What to produce: Please return the full listing word for word, leaving out any pictures.

=== Data below ===

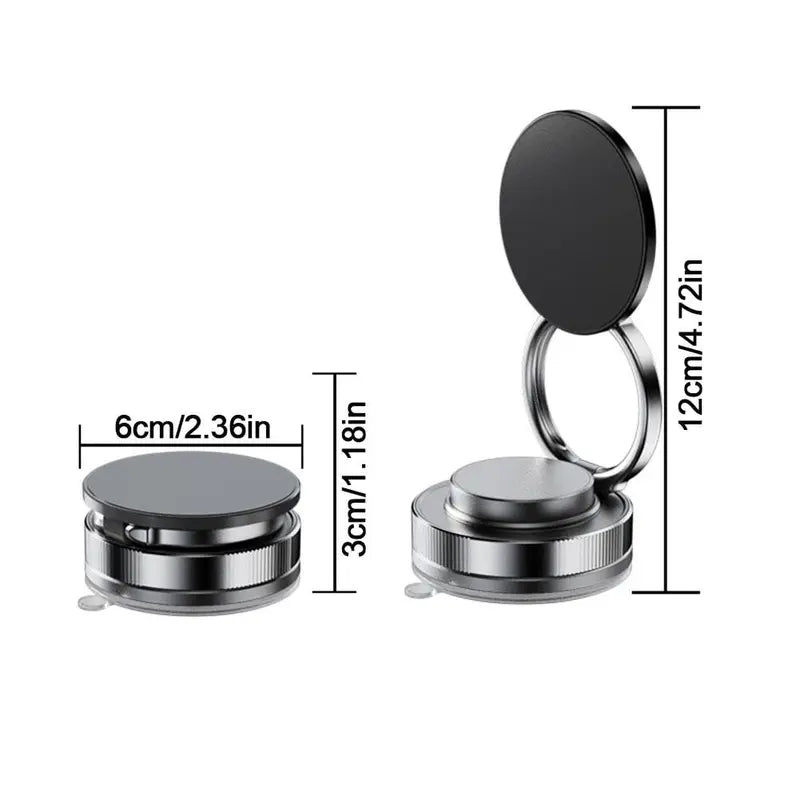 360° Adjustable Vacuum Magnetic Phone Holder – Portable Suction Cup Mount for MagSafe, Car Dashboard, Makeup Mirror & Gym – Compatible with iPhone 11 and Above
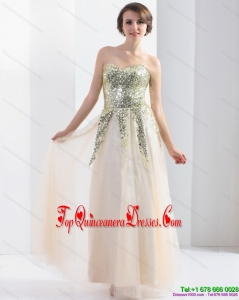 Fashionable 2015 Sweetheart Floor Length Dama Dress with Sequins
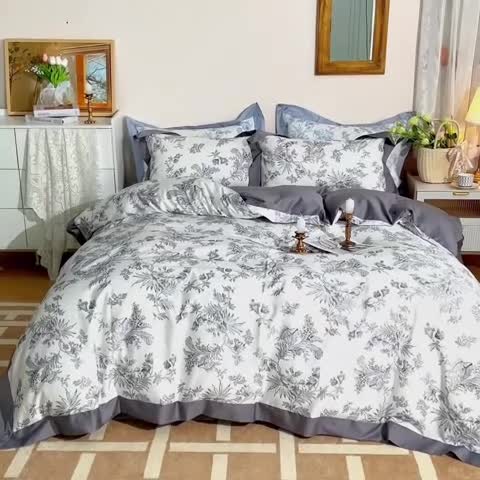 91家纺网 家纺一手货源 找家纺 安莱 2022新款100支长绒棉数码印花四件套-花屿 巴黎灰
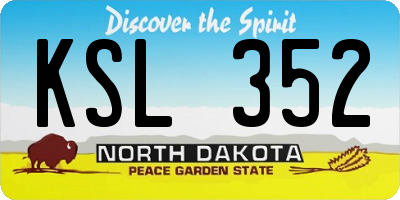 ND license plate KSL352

===

Written solution:
 360° Adjustable Vacuum Magnetic Phone Holder – Portable Suction Cup Mount for MagSafe, Car Dashboard, Makeup Mirror & Gym – Compatible with iPhone 11 and Above
 Fashionable 2015 Sweetheart Floor Length Dama Dress with Sequins
 91家纺网 家纺一手货源 找家纺 安莱 2022新款100支长绒棉数码印花四件套-花屿 巴黎灰
 ND license plate KSL352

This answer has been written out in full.